Programme et événements

Tutoriels

IoT Big Data Stream Mining

Albert Bifet, Télécom ParisTech, Université Paris-Saclay

The challenge of deriving insights from the Internet of Things (IoT) has been recognized as one of the most exciting and key opportunities for both academia and industry. Advanced analysis of big data streams from sensors and devices is bound to become a key area of data mining research as the number of applications requiring such processing increases. Dealing with the evolution over time of such data streams, i.e., with concepts that drift or change completely, is one of the core issues in IoT stream mining. This tutorial is a gentle introduction to mining IoT big data streams. The first part introduces data stream learners for classification, regression, clustering, and frequent pattern mining. The second part deals with scalability issues inherent in IoT applications, and discusses how to mine data streams on distributed engines such as Spark, Flink, Storm, and Samza.

Albert Bifet is Associate Professor at Telecom ParisTech. Previously he worked at Huawei Noah’s Ark Lab in Hong Kong, Yahoo Labs in Barcelona, University of Waikato and UPC BarcelonaTech. He is the author of a book on Adaptive Stream Mining and Pattern Learning and Mining from Evolving Data Streams. He is one of the leaders of MOA and Apache SAMOA software environments for implementing algorithms and running experiments for online learning from evolving data streams. He was serving as Co-Chair of the Industrial track of IEEE MDM 2016, ECML PKDD 2015, and as Co-Chair of BigMine (2017-2012), and ACM SAC Data Streams Track (2018-2012).

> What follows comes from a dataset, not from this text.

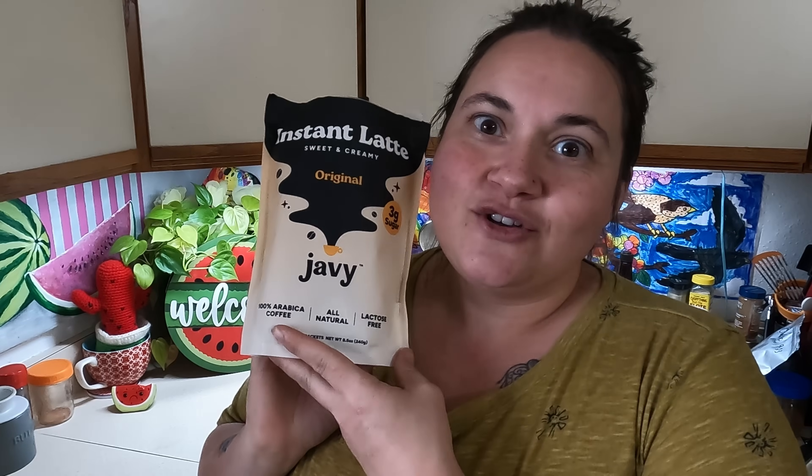One of the things that really keeps me going during the day is coffee. I'm a coffee person and I want to talk about today's sponsor, Javi Coffee. They sent me their new instant latte to try and I'm absolutely impressed with it, and I think you will be as well.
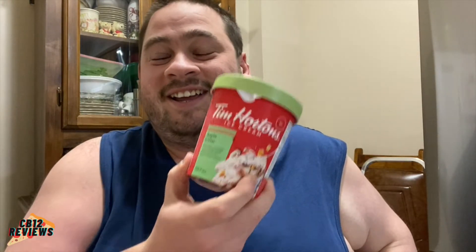Hey everyone, Chummy 12 here, and welcome back to another food review. Today we are checking out the second flavor of the new Tim Horton's ice cream. This one I am super excited to try — apple fritter. You guys all know how I love Tim Horton's apple fritters, and I cannot wait to try this in ice cream form.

Semantic Data Management in Practice

Olivier Curé, Université Paris-Est Marne-la-Vallée

After years of research and development, standards and technologies for semantic data are sufficiently mature to be used as the foundation of novel data science projects that employ semantic technologies in various application domains such as life finance, life and social sciences, etc. Typically, such projects are carried out by domain experts who have a conceptual understanding of semantic technologies but lack the expertise to choose and to employ existing data management solutions for the semantic data in their project. For such experts, including domain-focused data scientists, project coordinators, and project engineers, our tutorial delivers a practitioner’s guide to semantic data management. We discuss the following important aspects of semantic data management and demonstrate how to address these aspects in practice by using mature, production-ready tools: i) storing and querying semantic data; ii) automated reasoning understanding.

Olivier Curé is a tenured associate professor in computer science at the University of Paris-Est Marne la Vallée (UPEM) in France. He obtained his Ph.D. in Artificial Intelligence at the Université Paris V, France. His research interests are data and knowledge base management systems, semantic information and reasoning. He has published 1 book (“RDF Database Systems: Triples Storage and SPARQL Query Processing”, Morgan Kaufmann, 2014), 5 book chapters, 13 journal papers, and over 60 research papers in international, peer-reviewed conferences on Databases, Semantic Web, and Big Data.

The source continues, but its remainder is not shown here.